We took a day trip to Cambridge, to see England from a different perspective and to get some relief from moving against the flow of Londoners on their way to work.
When I began graduate school, the department listed new students with their fields of interest and the colleges they had attended. Having come from King’s College in Wilkes-Barre, PA, I was a bit surprised when at least one of my new colleagues assumed that I had attended a different King’s College and asked me about life in Cambridge, about the British university system. I sometimes wonder if I could have been able to maintain, if only briefly, the fiction that I had come to Cornell after an undergraduate career at Cambridge. I chose to be more honest but since then have had a desire to visit this version of King’s College. The annual PBS Christmas concerts from the King’s College Chapel helped keep that desire in mind.

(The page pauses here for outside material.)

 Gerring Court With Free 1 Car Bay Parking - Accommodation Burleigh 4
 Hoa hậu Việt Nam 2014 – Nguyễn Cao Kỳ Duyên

While strolling from the train station toward the college precincts, I felt more at ease than I had the previous day walking up Oxford Street. I was back in my element, among students and locals whose work depended on those students. Sitting in a cafe, I overheard an intense conversation between an older woman and a younger man. On their table were notebooks and a typed manuscript. The man was doing most of the talking, intensely stammering, trying to emphasize major points. The women, hardly ever spoke, but with the manuscript open, leafed through it, pointed to particular sections. A grad student/mentor discussion, I assume.
Besides visiting the colleges, in Cambridge one must, a friend who had in fact attended the university, punt on the Cam. Wider and a bit deeper than any of Ithaca’s downtown creeks, the Cam is also slower and more turbid. How difficult should this be?

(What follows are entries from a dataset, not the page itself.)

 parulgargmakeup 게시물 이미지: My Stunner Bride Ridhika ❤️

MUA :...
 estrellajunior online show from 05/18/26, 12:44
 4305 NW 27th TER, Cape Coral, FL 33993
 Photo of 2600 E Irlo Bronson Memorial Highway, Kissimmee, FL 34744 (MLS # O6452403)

Nancy and I had spend much of the afternoon wandering in and out of college courtyards and not enough time in Heffer’s Bookstore, so that when we finally turned out thoughts to punting, we hadn’t much of the time left before catching a train back to London. I had researched “punting technique” and been assured that navigating a punt was within the ability of any reasonably adept person. Nancy wasn’t so sure, and we opted for one of the commercial trips along the back yards of the colleges. A loquacious/garrulous young man punted and attempted to amuse us with odds and ends of Cambridge academic culture and history. Watching a few novice punters, I suspected that my opinion of “reasonable adeptness” was most likely overrated.
A country mouse moment: Arriving at the train station after a hurried walk from the center of the town, we scanned the departures listing for London, crossed an overpass to our platform and found a train ready for departure to King’s Cross Station, London. We got on and took our seats. I opened my iPad to log onto the trains wifi, and suddenly realized that the network I had used on the trip up was not available. What I had instead was a network offered by a different railroad. I had learned in buying the tickets that Cambridge was served by two trains, one from King’s Cross and the other from Liverpool St. We had departed from Liverpool St and should have returned to that station. We had gotten on an express train that cost more than the local for which we had tickets. When we would leave the train in King’s Cross, we would have to show our tickets to an attendant to leave the station. Perhaps we would suffer the fate of Charlie on the MTA who would never return, not having an exit fare. I put on my most sheepish manner and explained the problem to a guard at the barrier. He asked, bemusedly, “You’re not from here, are you?” and let us out without penalty.
A Cambridgeshire landscape, a field of rape seed in bloom.
I am so proud of you for splurging on the $20 + entrance fee. That amounts to about two of those fancy Ithaca IPA’s. Cambridge cannot be any nicer than Wilkes-Barre.